Wspomniany bar znajduje się na tyłach budynku komendy i przez to też youtuber znalazł się w trudnej sytuacji - okazało się, że zaparkował w miejscu niedozwolonym. Jak jednak wyjaśnił w mediach społecznościowych, chciał tylko dowiedzieć się, gdzie jest wspomniany bar. Mimo że postój trwał zaledwie kilka minut, Książulo niemal natychmiast został dostrzeżony przez funkcjonariuszy i ukarany grzywną wynoszącą 50 zł i 8 punktami karnymi.
- Wjeżdżam tutaj, widzę, że stoją policjanci, policjantki. Widzę, że stoją auta, więc podjechałem, stanąłem, wyszedłem z fury, spytałem się ich, czy mogę tu stać i czy wiedzą, gdzie jest bar. I od razu szlaban w dół, 50 zł, 8 punktów – relacjonował youtuber.

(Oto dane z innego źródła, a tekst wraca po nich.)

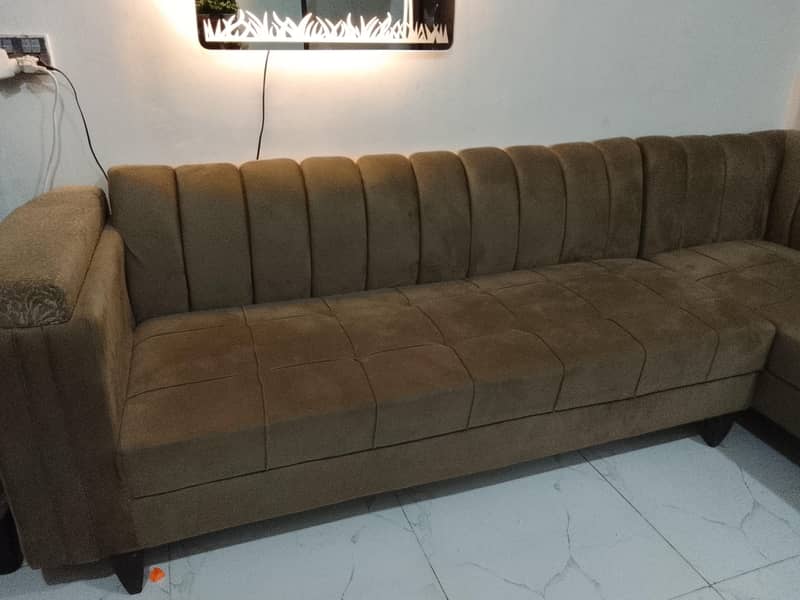 7 seater sofa with table 0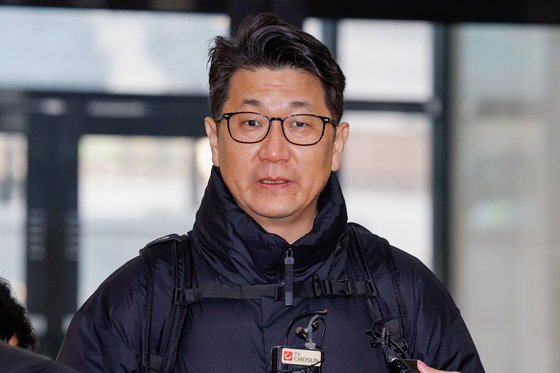 두 번째 참고인 조사 출석하는 문지석 부장검사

Mimo niepowodzeń Książulo finalnie dotarł do wspomnianego baru. Tam zamówił pierogi z borówkami (23 zł) oraz zupę pomidorową (8 zł). Pierogi, jak opisał youtuber, smakowały jak ciasto ze śmietaną, a owocowe nuty były ledwo wyczuwalne. Natomiast zupa pomidorowa otrzymała notę "średnia plus", co w skali Książula, który ma za sobą sporo pomidorówek, nie jest najgorszą oceną.
Zobacz także
Internauci bronią Książula. "Śmiech na sali"
Relację nie tylko z odwiedzin w barze, ale też z "pogawędki" z policjantem Książulo udostępnił w mediach społecznościowych. Internauci w większości nie pochwalali zachowania funkcjonariusza, wskazując nie tyle na kwotę grzywny, ile liczbę punktów, jaką został ukarany youtuber. Niemniej pojawiły się też głosy stające w obronie policjanta, który wykonywał obowiązki służbowe.

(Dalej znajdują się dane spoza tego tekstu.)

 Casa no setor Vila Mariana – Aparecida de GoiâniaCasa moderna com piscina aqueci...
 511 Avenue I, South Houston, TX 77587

"8 punktów za coś takiego to śmiech na sali" - przyznał jeden z komentujących.
"50zl to jeszcze zrozumiem, ale 8 punktów? Za manewry zagrażające życiu innych dostaje się mniej" - dodał kolejny.
"Mam wrażenie, że ludzie z komentarzy nie potrafią zrozumieć, że Pan Policjant wykonuje po prostu swoje obowiązki. Jeżeli były tam znaki, że zakaz wjazdu etc. to dlaczego macie jakieś problemy? Prawo dla wszystkich jest takie same - jeśli ktoś je łamie, to jest kara. Proste? Proste!" - wskazał internauta.